Alisa Rodriguez is one of the nine teaching and club professionals participating this week in the KPMG Women’s PGA Championship at Congressional Country Club. But the 27-year-old from El Paso, Texas, is also the only one combining golf instruction to juniors with professional competition in the Epson Tour on her road to her second major.
“I played really well at the LPGA Qualifying School to get status on the Epson. I feel like it helped me prepare for this tournament a lot more compared with last year,” said Rodriguez, who debuted in the majors at the 2021 KPMG Women’s PGA in Atlanta, where neither Alisa nor the other eight pros in the field made the cut.
Rodriguez got a spot for this week at Congressional Country Club after winning the LPGA Professionals National Championship by 2 shots in July of 2021. Three months later she made it to the second stage of LPGA Qualifying School to get her Epson Tour Card. And in November of that year, she had hand surgery.

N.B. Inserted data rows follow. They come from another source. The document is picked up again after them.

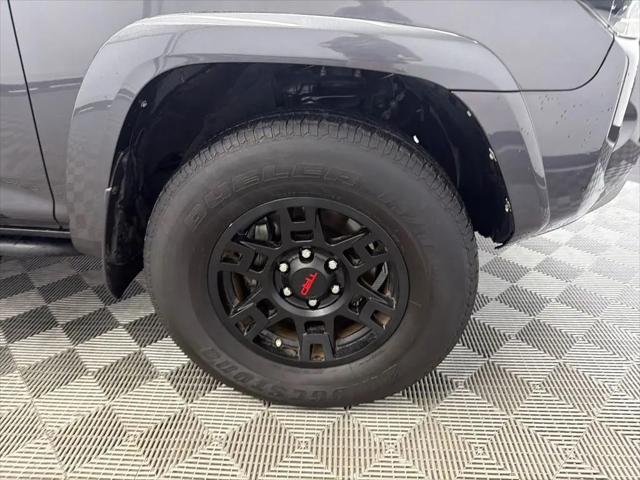 2023 Genesis G70 3.3T RWD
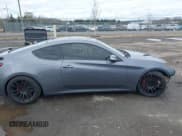 ✅ 2015 Hyundai Genesis Coupe R-Spec • VIN: KMHHU6KJ1FU127286 • Lot: 41733595. Wystawiony na IAAI z przebiegiem 98 296 mil. Bezpłatny archiwum sprzedaży aukcyjnych z USA i szczegółowy raport historii pojazdu na DreamBid. Zdjęcie 13.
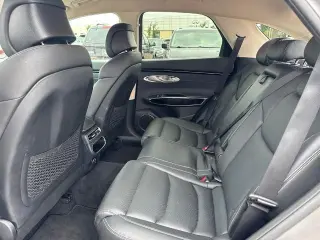 Genesis GV70 2025 AWD 2.5T Standard 4p SUV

“It was not the greatest start, and it was definitively rough,” said Rodriguez, who missed the cut on her first five Epson Tour events and then recently finished T54 in Garden City, Kansas, and 69 in Ann Arbor, Michigan. “I feel I am playing a lot better golf than I did at the beginning of the year. I am playing a lot smarter versus trying to be aggressive off the tee.”
She considers herself a late bloomer in golf. “It was always softball when I was growing up and then I got the golf bug when I started playing in high school,” said Rodriguez, who went on to play golf at the University of Texas El Paso (UTEP), where she was the Miner’s MVP as a junior.
Another alumnae of UTEP, Alisa’s dad, Art Rodriguez, a retired software engineer, has become her coach, occasional caddie, cook, and driver on tour. “For the first Epson Tour event, he drove from Austin to Florida, and I flew so I would not miss too many days teaching,” she said. “It is a grind for sure and we try to cut costs.”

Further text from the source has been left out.